State of Technology is an event-first news reader. It does not rank articles by clicks, likes, or paid placement. It groups public coverage into story events, then ranks those events by independent corroboration, coverage velocity, and freshness.
Pipeline
Each scheduler pass follows the same path. The live site reads the finished cache, not the raw feeds.
01
Source ingest
SoT polls public RSS feeds and bounded public sitemaps from news desks, AI labs, security publications, practitioner sources, and filtered Hacker News queries.
Sources -> entries
02
URL cleanup
Tracking parameters are stripped, canonical URLs are normalized, and exact duplicate URLs are collapsed before clustering.
Entries -> canonical URLs
03
Candidate matching
The clusterer compares titles with token overlap and local embeddings, then sends plausible pairs through deterministic same-event checks.
Entries -> possible pairs
04
Event gates
Candidate merges must survive checks for shared anchors, event facets, conflicting story types, and publish-time span.
Pairs -> story clusters
05
Ranking
Story clusters are scored by independent source corroboration, coverage velocity, and recency decay.
Clusters -> edition order
06
Evidence dossier
Each cluster gets deterministic why-ranked reasons, source mix, first/last article times, and a compact coverage timeline.
Scores -> reader evidence
07
Cached API
The scheduler writes a fresh cluster cache. Site pages read that cache, so reader requests never trigger live clustering.
Edition -> pages
Clustering Guardrails
Exact duplicates
Articles with the same canonical URL are treated as the same source article identity and collapsed before event clustering.
Shared event evidence
Normal semantic merges need enough title similarity or embedding similarity, plus specific anchors such as product names, policy actions, labs, or model names.
False-merge vetoes
Pairs can be rejected when event facets conflict, when the combined time span is too wide, or when a broad company name is the only thing in common.
Repair pass
A conservative repair pass can merge split same-event clusters when lexical overlap, embeddings, anchors, and publish-time proximity all agree.
Ranking Formula
rank_score = corroboration_weight * (1 + spike_score) * recency_decay corroboration_weight = source-count boost with single-source damping spike_score = recent arrivals / prior arrivals recency_decay = exponential age decay from first article time
Corroboration
Distinct source count is the primary ranking lever. Single-source stories are useful, but multi-source coverage gets a stronger signal.
Velocity
Recent article arrivals are compared against the prior window to identify accelerating stories. Trending labels require at least two independent sources.
Recency
Older stories decay over time so the front page reflects the current edition instead of yesterday's already-saturated cluster.
Evidence
Story detail pages expose the same ranking inputs as reader-facing evidence: why-ranked reasons, source mix, timeline, and first/last article timestamps.
Limits
SoT uses English public feeds and sitemaps in a rolling live window. It can miss stories when a source does not publish usable feed or sitemap metadata, and it can split an event when headlines describe the same incident with very different language.

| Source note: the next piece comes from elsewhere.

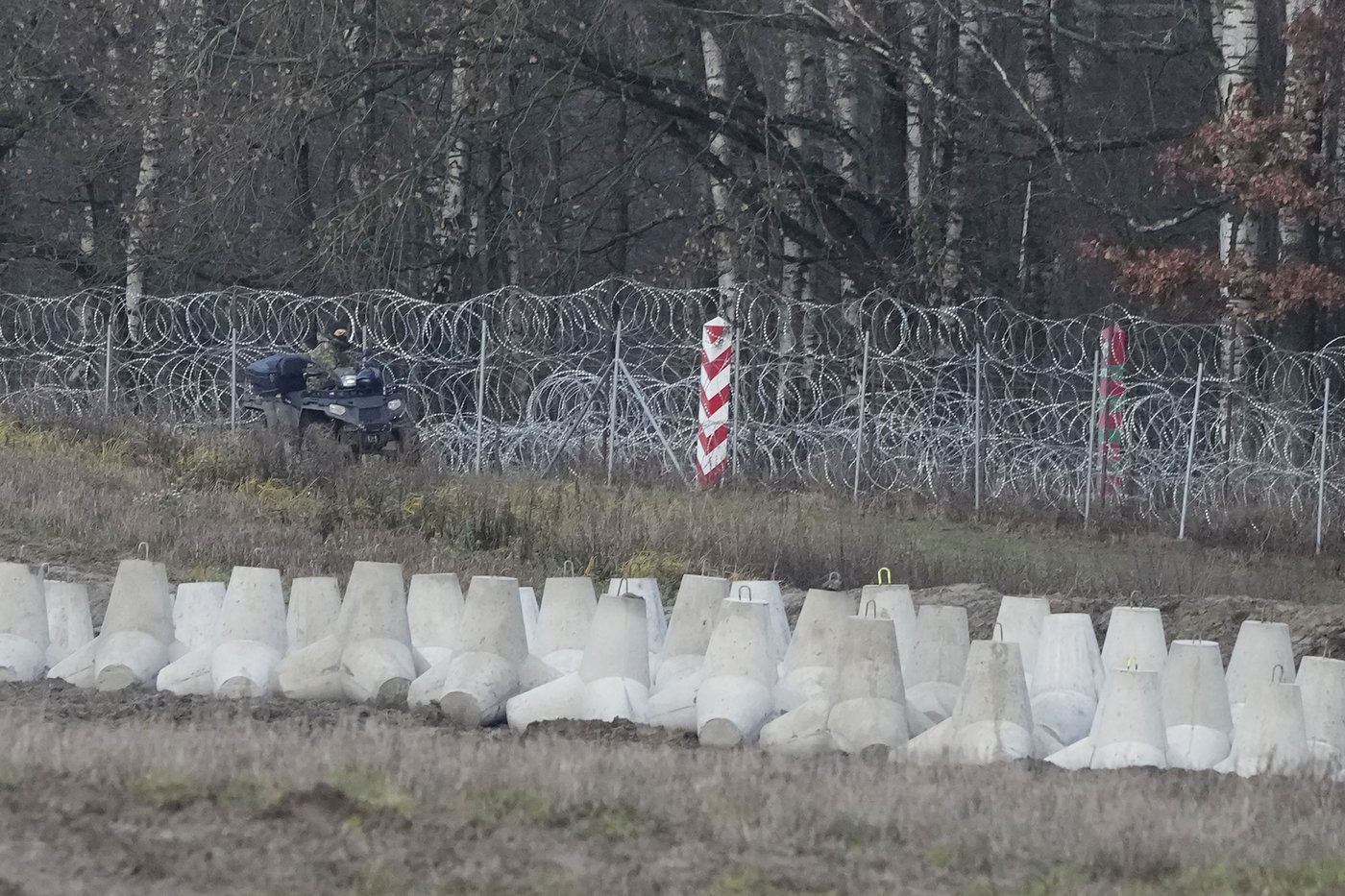 Poland's prime minister visits defensive fortifications on border with Russia | iNFOnews.ca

SoT is inspired by the useful public behavior of event-grouped news products and fast public conversation, but it does not have access to private social ranking systems and does not try to reproduce them.
Algorithm Credits
The clustering rules, ranking formula, and repair gates are project code. The non-obvious algorithm layer depends on these open-source projects and model weights.
FastEmbed
Runs local text embeddings for candidate story matching without sending article titles to a hosted embedding API.
BAAI/bge-small-en-v1.5
The English embedding model used for title similarity in the semantic clustering tier.
NumPy
Used for vector normalization and cosine similarity calculations inside the clustering pipeline.